WORK ITEM —
For this exercise, write out the full listing that follows exactly and skip its pictures.

DATASET CONTENT —
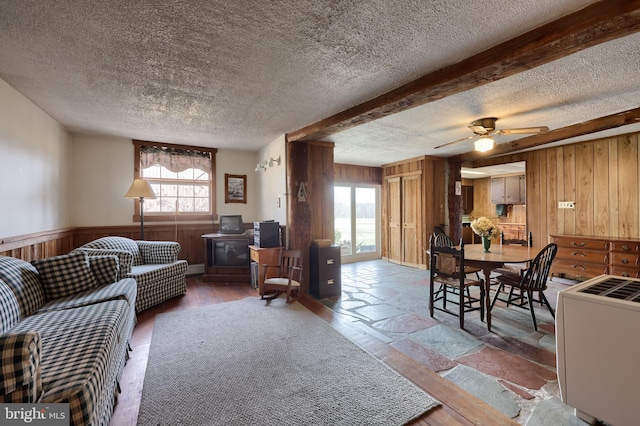 living area with stone tile flooring, wood walls, a textured ceiling, and a wainscoted wall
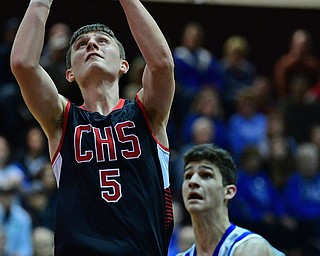 BOARDMAN, OHIO - MARCH 6, 2019: Canfield's Joe Bruno goes to the basket against Poland's Braeden O'Shaughnessy during the first half of their OHSAA Tournament game, Wednesday night at Boardman High School. DAVID DERMER | THE VINDICATOR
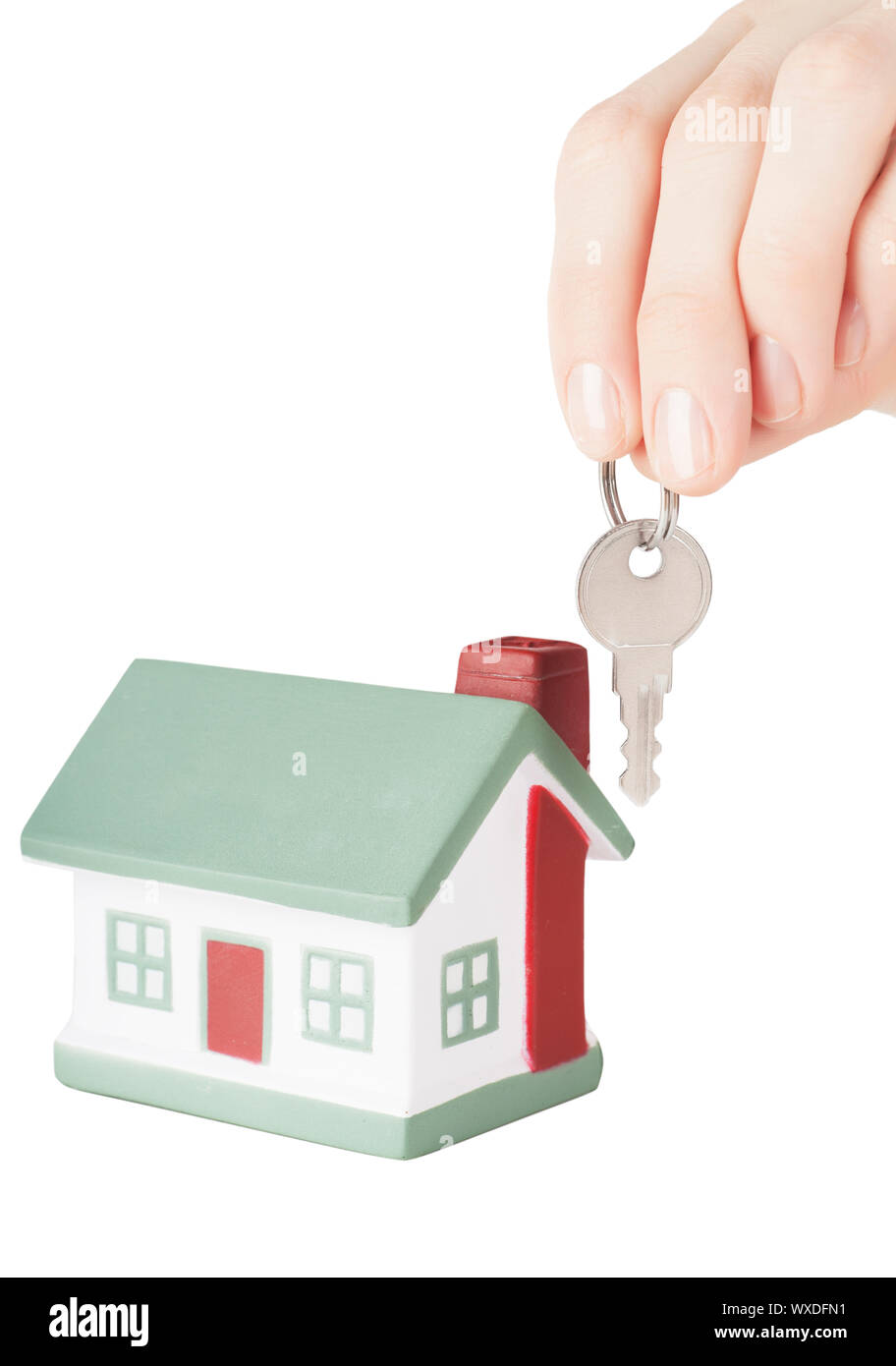 Little house toy and hand with key isolated over white background Stock
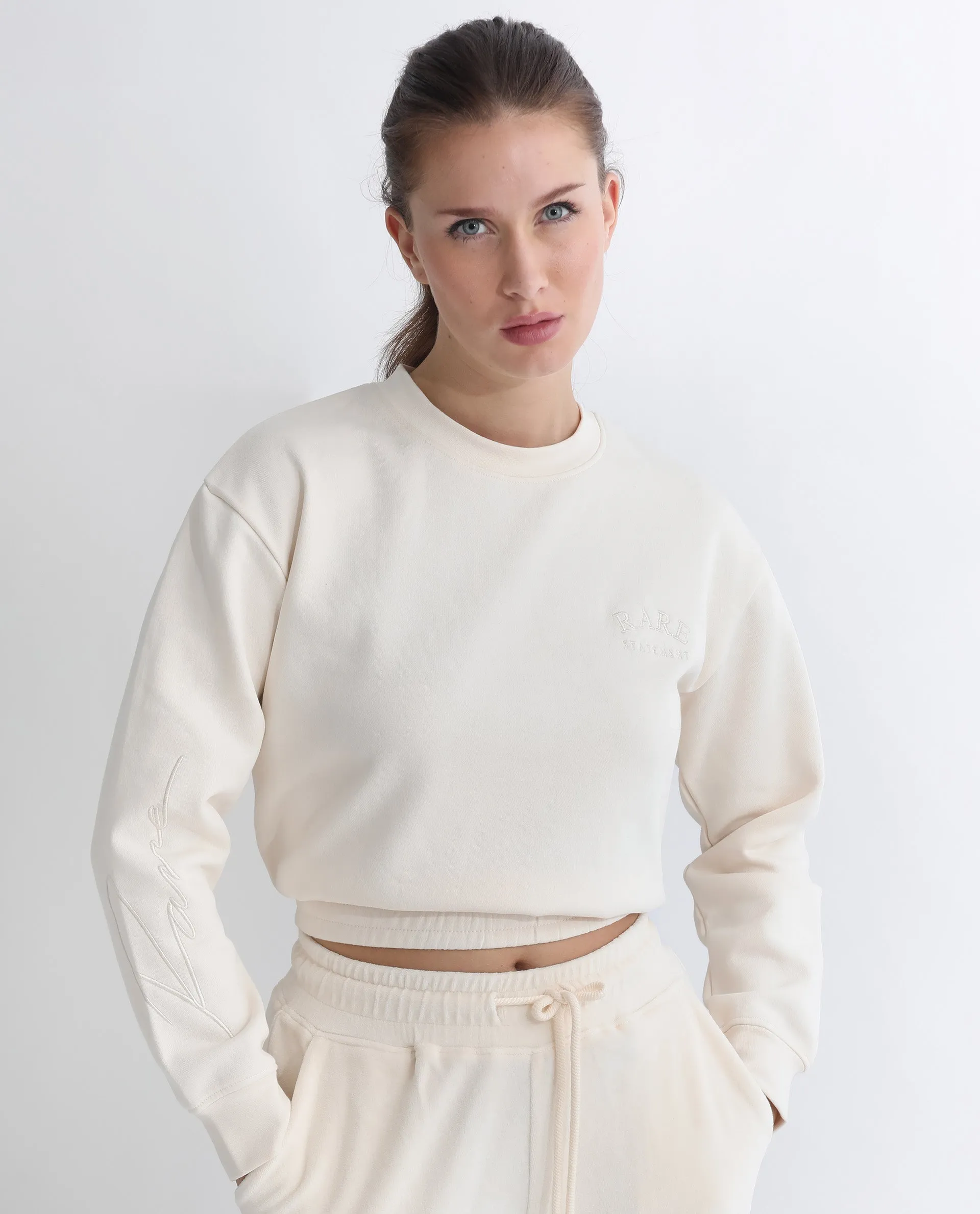 Rareism Articale Women Krok Beige Poly Cotton Fabric Full Sleeves Cuffed Sleeve Round Neck Regular Fit Plain Cropped Sweatshirt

EXERCISE ANSWER —
 living area with stone tile flooring, wood walls, a textured ceiling, and a wainscoted wall
 BOARDMAN, OHIO - MARCH 6, 2019: Canfield's Joe Bruno goes to the basket against Poland's Braeden O'Shaughnessy during the first half of their OHSAA Tournament game, Wednesday night at Boardman High School. DAVID DERMER | THE VINDICATOR
 Little house toy and hand with key isolated over white background Stock
 Rareism Articale Women Krok Beige Poly Cotton Fabric Full Sleeves Cuffed Sleeve Round Neck Regular Fit Plain Cropped Sweatshirt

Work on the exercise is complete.